IT is common knowledge that competitive markets benefit consumers because the competition to attract customers creates economic efficiency, innovation and better quality products at lower prices. When that happens, consumers—and the economy—win.
Recently, competition has again become a buzzword due to accusations of anti-competitive behavior by major telco players against each other.
Here’s a brief backgrounder: In 2003, Bayan Telecommunications Inc. (Bayantel)’s foreign creditors filed a petition for corporate rehabilitation with the Pasig City Regional Trial Court (RTC) Branch 158 after the Lopez-owned telco defaulted on interest payments on its debts.
Ten years later, Globe Telecoms Inc. (Globe) acquired 96.5% of Bayantel’s total debt amounting to some US$423.3 million, thus making the Ayala-led telco the biggest creditor of Bayantel.
However, since Bayantel still could not generate enough revenue to pay Globe and other creditors, Globe and the Lopez Group submitted a plan to the Pasig RTC to restructure Bayantel’s debt by converting 69 percent of the debt into Bayantel shares in a so-called “debt-to-equity swap.” The swap would pare down Bayantel’s debt to just US$131.3 million while giving Globe a 56.6 percent ownership stake in Bayantel.
The Pasig RTC approved the amendment of Bayantel’s debt restructuring plan and the implementation of a new master restructuring agreement (MRA) last September 2013. A month later, Globe and Bayantel went to the National Telecommunications Commission (NTC) to seek a similar approval for the same rehabilitation plan.
But before the NTC could commence the hearings on the rehabilitation plan, the Court of Appeals granted the motion of the Philippine Long Distance Telephone Co. (PLDT) for the issuance of a temporary restraining order (TRO) to stop the NTC from acting on the Globe-Bayantel deal.

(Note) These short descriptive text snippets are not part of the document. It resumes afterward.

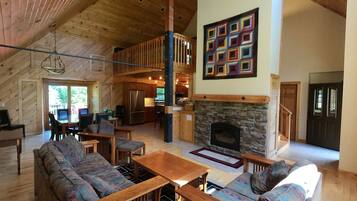 TV connectée, cheminée, lecteur de DVD, table de tennis de table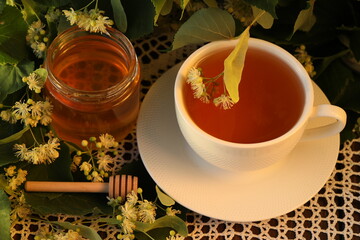 jar of linden honey with linden blossom and cup of tea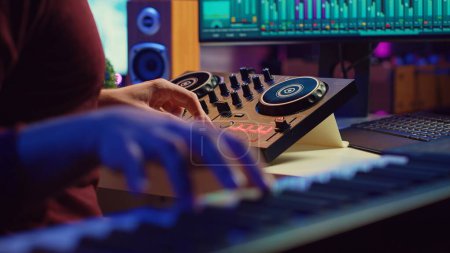 Photo for Skilled artist playing piano keyboard and recording sounds on daw software, capturing audio track instruments and vocals. Producer creating songs with mixing console in post production. Camera A. - Royalty Free Image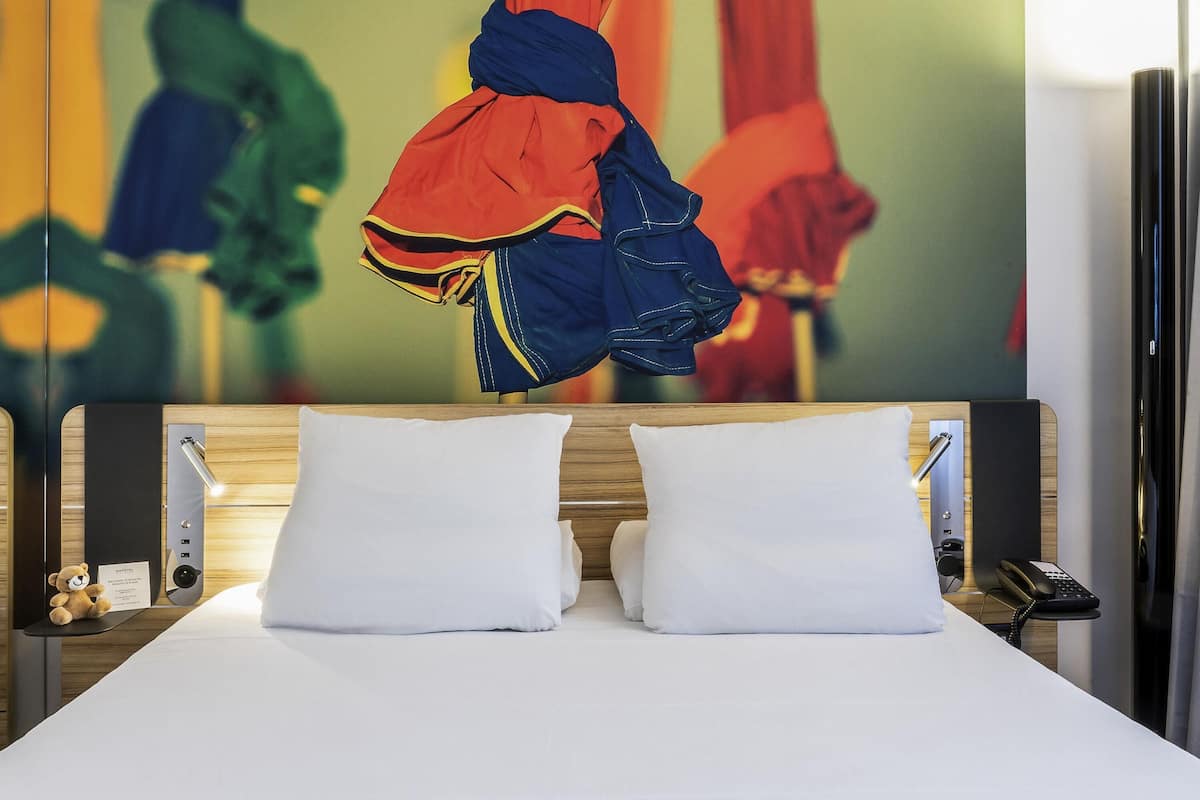 Una habitación de hotel con una cama, almohadas, una mesita de noche con una lámpara, un osito de peluche y una pared decorada con arte abstracto.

According to PLDT, Bayantel never used the mobile frequencies assigned to it for the past 14 years. PLDT says that the assigned frequencies were given to Bayantel conditioned upon the rollout of a mobile service and since Bayantel never rolled out such mobile service, the frequencies of the Lopez-owned telco should be returned to the government.
But why did it take PLDT 14 years to question Bayantel’s non-use of its frequencies? Why only now when Bayantel is about to be taken over by Globe? Would PLDT even be complaining if it was them and not their competitor Globe which bought out Bayantel?
PLDT also argues that if Globe were allowed to use the frequency allocation of Bayantel, it would have a total of 50 Mhz in the Long Term Evolution (4G) or WiMax frequencies while PLDT (through Smart and Digitel-Sun) would only have 35 MHz.
PLDT claims it is grossly unfair and anti-competitive for Globe to have access to 42 percent more 4G frequencies than PLDT when it has twice the number of subscribers of Globe.
That argument is quite flawed because it assumes that Globe’s customer base will no longer increase (which PLDT obviously wants to happen).
From our perspective, letting Globe maximize the use Bayantel’s frequencies will enable the Ayala-led telco to increase its market share and give PLDT a run for its money—and in turn, foster healthy competition that will ultimately benefit consumers.
Deceptive Air Asia promo
Talking about competition, it appears the “war” to attract airline customers has spawned some dubious sales promos among certain airline companies.
One of our readers, whom we will call “Jane,” complained about the recently concluded 7-day promo by Air Asia Zest airline for its P0.01 (1 centavo) seat sale for all its domestic and international destinations.
According to Jane, Air Asia was offering 3 million all-in promo seats to various domestic and international destinations such as Langkawi, Yogyakarta, Krabi, Siem Reap, Da Nang, etc.
Enticed by Air Asia’s promo, Jane tried to book a round trip flight from Manila to Siem Reap, Cambodia. She was easily able to get a flight from Manila to Siem Reap for P2,261 instead of the usual P14,908. But her excitement quickly turned to disappointment because all the return flights from Siem Reap to Manila for the entire travel period from June 10, 2015 up to December 31, 2015 were unavailable or sold out.
That was, of course, a bit impossible because that meant tourists from Cambodia were flying in to Manila in droves. When Jane tried to look for alternative flight schedules on Air Asia’s website, she said she was redirected to the online booking webpage for regular fares.
Jane’s experience is not unique. We’ve received complaints from other readers about misleading airfare promos that deliberately conceal extra costs like fuel surcharges, airport taxes, etc., which when added almost amounts to the price of a regular ticket.
While the Department of Trade and Industry (DTI) has rules for TV and print ad promos, it seems there are no rules for promos via the Internet. Trade Secretary Greg Domingo should also keep a tight watch over Internet promos and penalize companies guilty of deceptive marketing practices in cyberspace.